Assemblée générale du CGAAER sur le bien-être animal
L'assemblée générale du CGAAER réunie le 7 février dernier était consacrée au bien-être animal.

ANSES
Didier Guériaux, membre du CGAAER, a introduit l'assemblée générale du CGAAER avec l’avis de l’ANSES de 2018 qui pose une première définition du bien-être animal. Si, au travers de la notion de protection animale, l’homme a bien géré la sensibilité physique de l’animal, la conscience de ce dernier (ou sensibilité psychique) est-elle suffisamment prise en compte par l’élevage et, notamment, l'élevage intensif ?

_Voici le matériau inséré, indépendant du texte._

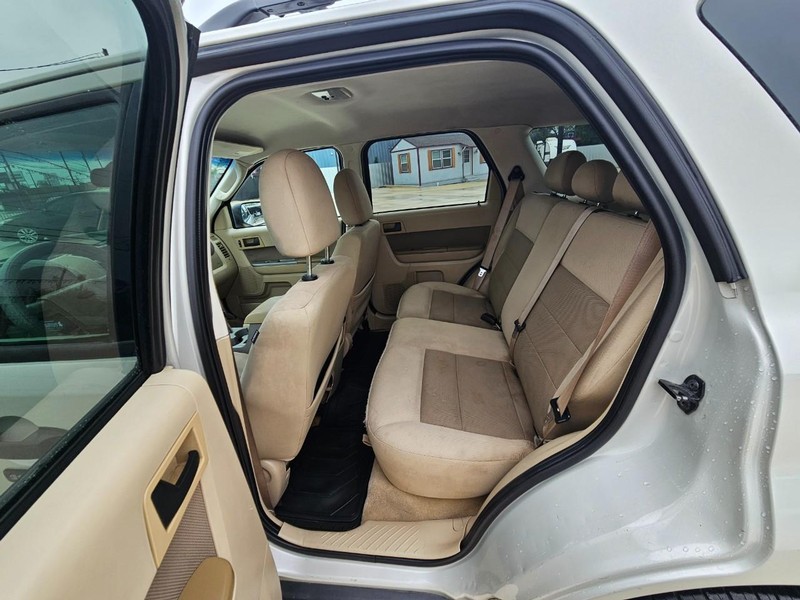 Ford Escape Vehicle Full-screen Gallery Image 12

Francis Wolf, philosophe et professeur émérite à l’ENS, a décrit une évolution « animaliste » de la société sous l'effet, en occident, d'une moindre influence des religions monothéistes (l’homme n’est plus positionné entre dieux et animaux), l’écroulement des utopies révolutionnaires et la science du XXIe siècle (siècle de la biologie). Après avoir précisé les limites entre les abolitionnistes (végans) et les partisans du bien-être animal (et de l’écologie en général), il a développé le fait que les animaux ne sont pas porteurs de droit mais que l’homme a des devoirs envers eux dans le cadre d’une réciprocité relative des relations.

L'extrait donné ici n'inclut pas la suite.